BEGIN

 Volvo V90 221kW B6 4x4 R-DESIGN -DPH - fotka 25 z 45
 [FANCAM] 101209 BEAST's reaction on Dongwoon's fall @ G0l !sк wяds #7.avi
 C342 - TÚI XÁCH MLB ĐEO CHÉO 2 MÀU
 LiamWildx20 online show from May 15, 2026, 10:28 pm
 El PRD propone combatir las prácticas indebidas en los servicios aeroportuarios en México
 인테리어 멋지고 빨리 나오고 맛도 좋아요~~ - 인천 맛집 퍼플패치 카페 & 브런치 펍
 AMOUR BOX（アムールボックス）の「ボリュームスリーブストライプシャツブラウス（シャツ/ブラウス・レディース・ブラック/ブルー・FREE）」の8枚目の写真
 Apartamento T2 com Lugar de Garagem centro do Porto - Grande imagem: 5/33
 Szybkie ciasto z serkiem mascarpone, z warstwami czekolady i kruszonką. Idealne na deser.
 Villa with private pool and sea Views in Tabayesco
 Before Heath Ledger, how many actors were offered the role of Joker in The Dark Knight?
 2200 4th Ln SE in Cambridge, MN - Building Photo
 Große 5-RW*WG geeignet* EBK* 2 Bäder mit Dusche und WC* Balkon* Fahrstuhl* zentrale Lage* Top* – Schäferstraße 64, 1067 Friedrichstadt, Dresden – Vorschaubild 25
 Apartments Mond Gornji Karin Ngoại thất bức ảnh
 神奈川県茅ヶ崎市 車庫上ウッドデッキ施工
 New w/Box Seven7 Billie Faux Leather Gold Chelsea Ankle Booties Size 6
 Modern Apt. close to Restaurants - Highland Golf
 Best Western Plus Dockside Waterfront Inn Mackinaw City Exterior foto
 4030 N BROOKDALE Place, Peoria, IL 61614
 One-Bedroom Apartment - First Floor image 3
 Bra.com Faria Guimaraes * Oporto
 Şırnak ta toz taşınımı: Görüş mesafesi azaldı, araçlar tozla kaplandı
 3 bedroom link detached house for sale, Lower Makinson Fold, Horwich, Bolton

END

Return every line above exactly as it stands.

 Volvo V90 221kW B6 4x4 R-DESIGN -DPH - fotka 25 z 45
 [FANCAM] 101209 BEAST's reaction on Dongwoon's fall @ G0l !sк wяds #7.avi
 C342 - TÚI XÁCH MLB ĐEO CHÉO 2 MÀU
 LiamWildx20 online show from May 15, 2026, 10:28 pm
 El PRD propone combatir las prácticas indebidas en los servicios aeroportuarios en México
 인테리어 멋지고 빨리 나오고 맛도 좋아요~~ - 인천 맛집 퍼플패치 카페 & 브런치 펍
 AMOUR BOX（アムールボックス）の「ボリュームスリーブストライプシャツブラウス（シャツ/ブラウス・レディース・ブラック/ブルー・FREE）」の8枚目の写真
 Apartamento T2 com Lugar de Garagem centro do Porto - Grande imagem: 5/33
 Szybkie ciasto z serkiem mascarpone, z warstwami czekolady i kruszonką. Idealne na deser.
 Villa with private pool and sea Views in Tabayesco
 Before Heath Ledger, how many actors were offered the role of Joker in The Dark Knight?
 2200 4th Ln SE in Cambridge, MN - Building Photo
 Große 5-RW*WG geeignet* EBK* 2 Bäder mit Dusche und WC* Balkon* Fahrstuhl* zentrale Lage* Top* – Schäferstraße 64, 1067 Friedrichstadt, Dresden – Vorschaubild 25
 Apartments Mond Gornji Karin Ngoại thất bức ảnh
 神奈川県茅ヶ崎市 車庫上ウッドデッキ施工
 New w/Box Seven7 Billie Faux Leather Gold Chelsea Ankle Booties Size 6
 Modern Apt. close to Restaurants - Highland Golf
 Best Western Plus Dockside Waterfront Inn Mackinaw City Exterior foto
 4030 N BROOKDALE Place, Peoria, IL 61614
 One-Bedroom Apartment - First Floor image 3
 Bra.com Faria Guimaraes * Oporto
 Şırnak ta toz taşınımı: Görüş mesafesi azaldı, araçlar tozla kaplandı
 3 bedroom link detached house for sale, Lower Makinson Fold, Horwich, Bolton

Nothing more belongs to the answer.